An urban farmer waters his plants near Bamako, Mali, where the government has set aside nearly 250 acres for market gardens.
An urban farmer waters his plants near Bamako, Mali, where the government has set aside nearly 250 acres for market gardens. donkeycart/Flickr
For many urbanites in the U.S., eating locally is getting a little easier. If you're lucky, you can shop at a farmers market, sign up for a produce box from a farmer, or grow your own tomatoes and zucchini in community garden.
For city dwellers in sub-Saharan Africa, eating locally is the norm, not the exception. As many as 40 percent of families there are urban farmers, and they produce fruits and vegetables not just for themselves but for millions of others — all within or near city limits.
But a survey from the Food and Agriculture Organization, published yesterday, has found that these urban farms are in jeopardy. As Africa's cities double in population over the next few decades, horticultural land will be lost to housing and industry, the report predicts.
The survey — which is the first of its kind — looked at city farming in 31 countries, where more than half of Africa's urban population lives.
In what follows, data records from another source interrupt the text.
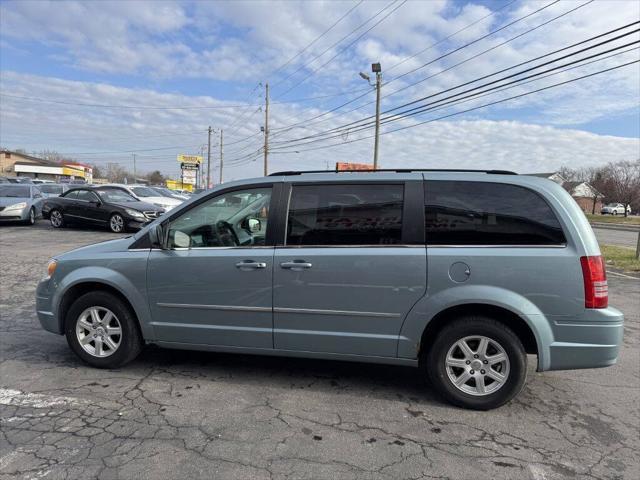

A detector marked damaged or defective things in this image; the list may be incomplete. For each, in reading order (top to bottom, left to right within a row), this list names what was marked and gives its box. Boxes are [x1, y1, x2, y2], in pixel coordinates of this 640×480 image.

cracked asphalt [0, 223, 636, 478] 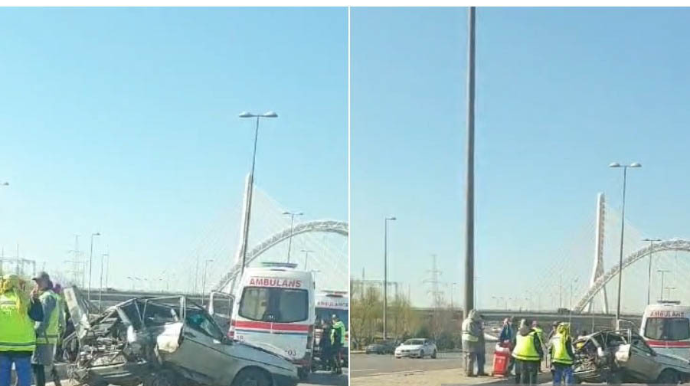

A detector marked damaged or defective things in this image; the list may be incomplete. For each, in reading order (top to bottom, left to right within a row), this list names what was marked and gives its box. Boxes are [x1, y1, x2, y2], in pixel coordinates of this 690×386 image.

wrecked car [63, 288, 298, 386]
wrecked car [572, 330, 688, 384] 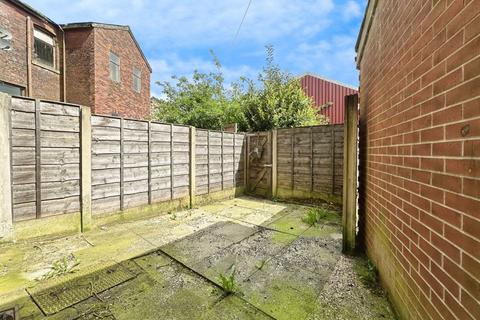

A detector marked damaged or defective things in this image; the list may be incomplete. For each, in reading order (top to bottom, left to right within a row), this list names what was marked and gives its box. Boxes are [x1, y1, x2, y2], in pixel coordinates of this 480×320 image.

cracked concrete patio [0, 196, 396, 318]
The authors say that governments need to integrate urban farming into city planning, or else the cities may lose one of their best sources of food.
For inspiration, Africa can look to China and many countries in Latin America, which have incorporated horticulture into their urban planning since the 1960s. Now more than half of Beijing's vegetable supply comes from the city's own market gardens, the report notes.
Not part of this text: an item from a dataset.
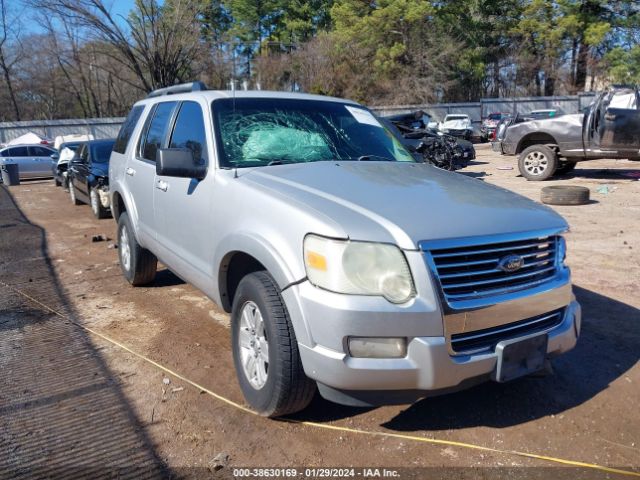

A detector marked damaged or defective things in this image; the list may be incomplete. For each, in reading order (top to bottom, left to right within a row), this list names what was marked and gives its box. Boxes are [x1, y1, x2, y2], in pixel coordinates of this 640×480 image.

In sub-Saharan Africa, urban farming varies a lot country to country. Cameroon, Malawi, and Ghana topped the list, with between 25 and 50 percent of all city households gardening.
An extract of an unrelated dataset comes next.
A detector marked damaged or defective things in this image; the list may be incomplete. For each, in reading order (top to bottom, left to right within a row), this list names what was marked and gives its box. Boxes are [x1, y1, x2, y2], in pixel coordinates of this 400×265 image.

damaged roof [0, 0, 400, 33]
In Malawi, 700,000 city dwellers have home gardens to feed their families and earn extra money, while in Kenya's capital of Nairobi, 11,000 familes use sack gardens (burlap or plastic sacks transformed into planters) to fill their own bellies and pay their rent
Some schools in Burundi and the Democratic Republic of Congo even have their own gardening programs, like the ones First Lady Michelle Obama has called for here in the U.S.
But the survey finds that one type of urban farming trumps all others when it came to feeding the most people: "market gardening," or farming on commercially-owned and irrigated lots in cities.
Market gardens are "one of the most productive farming systems in Africa," the report says. They produce almost all leafy vegetables eaten in five of Africa's largest cities, where 22 million people reside.
Market gardens also generate local employment, create urban green belts and can even recycle city waste.
In Mozambique's capital city of Maputo, market gardening employs 13,000 people, while in one region of the DRC, market gardens generate 80,000 tons of produce or 65 percent of the region's supply.
Courtesy of DigitalGlobe
Land set aside for market gardens creates green belts in Mozambique's capital of Maputo.
Land set aside for market gardens creates green belts in Mozambique's capital of Maputo. Courtesy of DigitalGlobe
But the FAO says market gardens are the most threatened by Africa's growth spurt since they're not typically regulated or supported by governments. Many of them operate on "fuzzy," or illegal terms, and could lose their right to farm anytime.
Local governments need to nurture and protect these urban gardens, the report says. And they could train farmers in environmentally friendly techniques, such as composting, drip irrigation and choosing better seeds.
Even with these growing pains, however, the success of Africa's urban farming is something city dwellers here in the U.S. can aspire to. Maybe one day 40 percent of New Yorkers will get all their produce from sack gardens hanging out their windows.